Vandalismus in Mittelsachsen: Der Ort des Abschieds wird zunehmend verletzt

Wenn selbst die Ruhe der Toten keinen Schutz mehr findet

Freiberg

Wer über den gepflegten städtischen Friedhof geht, erlebt zunächst Stille und Frieden. Farbenprächtige Blumen schmücken die Gräber, hohe Bäume spenden Schatten und Menschen verweilen in stiller Erinnerung bei ihren Verstorbenen. Umso schwerer ist vorstellbar, dass ausgerechnet dieser Ort immer häufiger Ziel von Diebstahl, Vandalismus und Rücksichtslosigkeit wird.

„Diebstahl und Vandalismus auf Friedhöfen haben deutlich zugenommen“, berichtet Frank Plattner, städtischer Bereichsleiter Bestattung. Blumensträuße, Stauden und Grabschmuck verschwinden. Selbst Kies, Splitt und Mutterboden werden entwendet. Auch kleine Schlauchanschlüsse an den Wasserstellen sind vor Dieben nicht sicher.

Die Folgen trägt die Gemeinschaft

Manche Besucher füllen Kanister mit Friedhofswasser, entsorgen ihren Hausmüll oder laden private Grünabfälle ab, um eigene Kosten zu sparen. Sogar menschliche Hinterlassenschaften zwischen Sträuchern und Büschen gehören inzwischen zu den Problemen.

Seit 31 Jahren arbeitet Frank Plattner auf den Friedhöfen der Stadt. Für ihn und seine Mitarbeiter ist es erschütternd, wenn Orte der Erinnerung und des Abschieds auf diese Weise beschädigt werden. Die finanziellen Folgen trägt am Ende die gesamte Gemeinschaft. Gestohlene oder zerstörte Gegenstände müssen ersetzt werden. Diese Kosten fließen in die Berechnung der Friedhofsgebühren ein und belasten damit auch jene Menschen, die sich verantwortungsvoll verhalten.

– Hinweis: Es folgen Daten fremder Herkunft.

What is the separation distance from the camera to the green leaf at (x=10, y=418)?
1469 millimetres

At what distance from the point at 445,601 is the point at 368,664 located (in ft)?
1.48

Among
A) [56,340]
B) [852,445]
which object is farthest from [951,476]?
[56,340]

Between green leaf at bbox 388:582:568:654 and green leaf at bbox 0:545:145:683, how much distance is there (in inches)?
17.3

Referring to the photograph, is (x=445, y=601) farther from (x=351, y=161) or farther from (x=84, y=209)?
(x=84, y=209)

Hinter jedem Grab steht eine Geschichte

Noch schwerer wiegen die emotionalen Folgen. Ein Blumenstrauß oder eine kleine Figur besitzt für Hinterbliebene oft einen unschätzbaren persönlichen Wert. Wird dieser Grabschmuck gestohlen, bleibt nicht nur eine leere Stelle zurück. Der Verlust reißt Wunden auf und fügt der Trauer neuen Schmerz hinzu.

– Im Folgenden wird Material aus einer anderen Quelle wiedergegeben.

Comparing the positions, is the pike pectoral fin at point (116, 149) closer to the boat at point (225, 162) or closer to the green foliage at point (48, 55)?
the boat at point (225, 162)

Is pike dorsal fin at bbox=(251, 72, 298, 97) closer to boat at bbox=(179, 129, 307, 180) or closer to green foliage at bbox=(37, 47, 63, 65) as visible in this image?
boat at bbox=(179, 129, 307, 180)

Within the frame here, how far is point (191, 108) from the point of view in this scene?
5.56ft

Frank Plattner appelliert deshalb an die Täter, einen Moment innezuhalten und über die Folgen ihres Handelns nachzudenken. Das Entwenden von Pflanzen oder Grabschmuck ist kein Kavaliersdelikt und kann strafrechtliche Folgen haben.

Ein Friedhof gehört den Toten und den Menschen, die um sie trauern. Seinen Frieden zu stören, bedeutet deshalb weit mehr als einen Sachschaden. Es verletzt Erinnerungen, Gefühle und die Würde eines besonderen Ortes.